El-Ad Enclave at Miramar Condominium Ass'n v. Mt. Hawley Insurance

752 F. Supp. 2d 1282, 2010 WL 4722288
CourtDistrict Court, S.D. Florida
DecidedNovember 22, 2010
DocketCase 09-60726-CIV
StatusPublished
Cited by4 cases

This text of 752 F. Supp. 2d 1282 (El-Ad Enclave at Miramar Condominium Ass'n v. Mt. Hawley Insurance) is published on Counsel Stack Legal Research, covering District Court, S.D. Florida primary law. Counsel Stack provides free access to over 12 million legal documents including statutes, case law, regulations, and constitutions.

Bluebook
El-Ad Enclave at Miramar Condominium Ass'n v. Mt. Hawley Insurance, 752 F. Supp. 2d 1282, 2010 WL 4722288 (S.D. Fla. 2010).

Opinion

Order on Motion for Summary Judgment

ADALBERTO JORDAN, District Judge.

El-Ad Enclave and Mt. Hawley Insurance Company have filed cross-motions for summary judgment. Following oral argument, and for the reasons set forth below, Enclave’s motion for summary judgment [D.E. 120] is DENIED, and Mt. Hawley’s motion for summary judgment [D.E. 121] is DENIED IN PART and GRANTED IN PART.

I. Factual Background

In September of 2005, Mt. Hawley issued a property casualty insurance policy to Enclave, a condominium association, with a policy limit of $1 million dollars per incident. The policy period was twelve months, from July 15, 2005, to July 15, 2006. On October 24, 2005, Enclave allegedly sustained substantial damage to the property due to Hurricane Wilma, and it has brought this suit against Mt. Hawley for its alleged failure to pay claims relating to the property damage.

A. The Insurance Policy

Enclave’s policy contains two select provisions that are at issue in this suit.

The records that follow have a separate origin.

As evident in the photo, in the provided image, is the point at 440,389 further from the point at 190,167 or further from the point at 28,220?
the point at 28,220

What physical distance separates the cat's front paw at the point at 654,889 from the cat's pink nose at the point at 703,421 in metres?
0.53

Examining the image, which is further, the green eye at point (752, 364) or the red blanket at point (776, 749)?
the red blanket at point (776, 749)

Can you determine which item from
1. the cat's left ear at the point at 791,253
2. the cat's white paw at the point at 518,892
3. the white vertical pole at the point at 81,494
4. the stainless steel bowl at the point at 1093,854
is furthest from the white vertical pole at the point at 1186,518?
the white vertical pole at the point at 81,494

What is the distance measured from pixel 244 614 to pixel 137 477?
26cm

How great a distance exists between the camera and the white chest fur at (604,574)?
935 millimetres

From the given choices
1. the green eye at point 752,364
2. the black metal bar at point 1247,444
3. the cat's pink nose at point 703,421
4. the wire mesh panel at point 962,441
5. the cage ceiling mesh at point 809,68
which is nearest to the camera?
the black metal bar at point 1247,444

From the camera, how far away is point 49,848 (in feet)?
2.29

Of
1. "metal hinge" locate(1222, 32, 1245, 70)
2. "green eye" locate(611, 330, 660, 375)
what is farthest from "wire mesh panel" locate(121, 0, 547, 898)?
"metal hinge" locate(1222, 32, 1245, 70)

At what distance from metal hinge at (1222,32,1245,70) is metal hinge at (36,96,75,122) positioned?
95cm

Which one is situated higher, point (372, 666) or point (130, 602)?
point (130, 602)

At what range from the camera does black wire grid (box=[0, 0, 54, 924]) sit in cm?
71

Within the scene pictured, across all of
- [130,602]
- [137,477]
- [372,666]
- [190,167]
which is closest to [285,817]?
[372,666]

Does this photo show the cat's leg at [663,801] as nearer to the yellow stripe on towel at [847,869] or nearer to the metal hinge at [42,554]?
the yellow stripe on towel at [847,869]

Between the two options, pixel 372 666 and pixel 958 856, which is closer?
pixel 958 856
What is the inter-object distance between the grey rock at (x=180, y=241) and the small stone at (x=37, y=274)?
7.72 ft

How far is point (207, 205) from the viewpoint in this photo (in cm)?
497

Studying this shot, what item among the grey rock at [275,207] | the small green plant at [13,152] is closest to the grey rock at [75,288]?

First, Enclave’s policy provides that, in the event of a loss or damage, the company “may examine any insured under oath, while not in the presence of any other insured and at such times as may be reasonably required, about any matter relating to this insurance or claim, including an insured’s books and records.” Further, no legal action may be taken against the insurer, Mt. Hawley, unless “[t]here has been full compliance” with all terms of the policy.

Second, the policy includes a “peril deductible” of “3.00% of total values at risk Per Building (including time element if applicable) at the time of loss for Win-storm or Hail.” The policy includes a “scheduled locations endorsement,” which provides that the declared value for the insured property is $44 million. Though the insured property consists of multiple buildings, the policy only lists the $44 million aggregate value for the entire property, and does not include a separate schedule providing the value of each individual building.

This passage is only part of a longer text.